Broken Vessels
24/04/2011
If we were necklaces, memory with its attendant flash-backs would be the string holding the sum of ours parts together. Sometimes, during the day, unsolicited images pop up. They appear to have nothing in common with our present concerns, yet they nudge us. I try not to push them away, as if they were revealing the hidden texture beneath the surface.
I was washing a blue wine glass tonight. It is faintly chipped but the dent is small enough not to give you a hare lip. I firmly resisted the inner voice telling me to throw it away. Torn or battered objects don’t usually offend me. I have a sneaking sympathy for them. The image of a cousin rose immediately. She was my mother’s sister daughter and was there every holiday. I did not question her presence. It just was. Then my parents stopped seeing her mother and she disappeared from my life. I forgot her easily, as you forget a nightmare as soon as you smell coffee brewing in the morning.

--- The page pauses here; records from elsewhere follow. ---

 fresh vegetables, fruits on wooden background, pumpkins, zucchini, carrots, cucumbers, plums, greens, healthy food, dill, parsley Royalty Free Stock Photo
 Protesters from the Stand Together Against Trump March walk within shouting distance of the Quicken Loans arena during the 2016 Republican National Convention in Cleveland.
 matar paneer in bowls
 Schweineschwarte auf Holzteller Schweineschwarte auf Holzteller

Then, twenty years later, I met her again in the street. She was profusely welcoming. She invited me on the spot to her apartment near the Etoile in Paris and showed me around as if she were a boat captain and I a new member of her crew. Fortunately, I knew the lift was there, ready to carry me down to the street again. I was no prisoner. This was not the eternity of a childhood holiday, this was life. She moved to her kitchen and her hand fell on a plate. ‘It’s chipped!’ she said in disgust and dropped it in the maw of the metal dustbin. There was not a moment’s hesitation. In the clean, bloodless kitchen the only thing I could think of was a guillotine.

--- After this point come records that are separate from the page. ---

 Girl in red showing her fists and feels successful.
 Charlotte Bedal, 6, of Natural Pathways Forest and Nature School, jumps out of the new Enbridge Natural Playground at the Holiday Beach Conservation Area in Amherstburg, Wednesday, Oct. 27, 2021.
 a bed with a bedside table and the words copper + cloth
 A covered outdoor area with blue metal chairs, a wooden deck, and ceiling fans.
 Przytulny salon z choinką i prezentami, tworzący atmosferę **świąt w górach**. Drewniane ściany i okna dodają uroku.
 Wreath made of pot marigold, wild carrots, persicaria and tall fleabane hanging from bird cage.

The man who was my partner a few years ago also disliked chipped crockery. His grounds were quite different. ‘Germs,’ he said, ‘they lodge themselves in the nooks and crevices. See?’ He pointed at the offending item. I could see nothing. But I nodded and saved the wounded plates and glasses by packing them in a cardboard box. They felt like ugly Sleeping Beauties, parts of myself I could not attend to right then – parts that had to wait in the shed. Until finally I felt I had nearly entirely moved into the shed.
I cannot imagine two more different people than that man and my cousin. One was capable of many kindnesses, the cousin still haunts my dreams. Unkindness can become a kind of sport, like saving can be to misers. Why do people influence me so much, I asked myself? But the blue glass is washed and safe in my cupboard, alive and well, ready for use. My mother loved crystal glasses. ‘They can sing,’ she used to say. ‘See?’ And flicking a delicate finger at one like a tiny conductor, she would make me listen. Just as my father made me sit on the floor of the Sainte Chapelle to ‘listen’ to the music of the stained glass windows. Even though so many other things have been lost, I brought my mother’s glasses all the way to Australia.
The Russians say that objects have little souls. Yet the other day, one of the metal retainers holding the shelf in the cupboard fell off and when I took a glass the whole shelf tipped over. About twenty of my mother’s glasses broke.
Only two survived, huddling together.Though I took a photograph of all the others, I felt no sadness, just numbness as if time had tied a knot in my necklace. Objects need to be respected and loved, but like us all, their time must come. I needed new Australian vessels, new ways to think about things.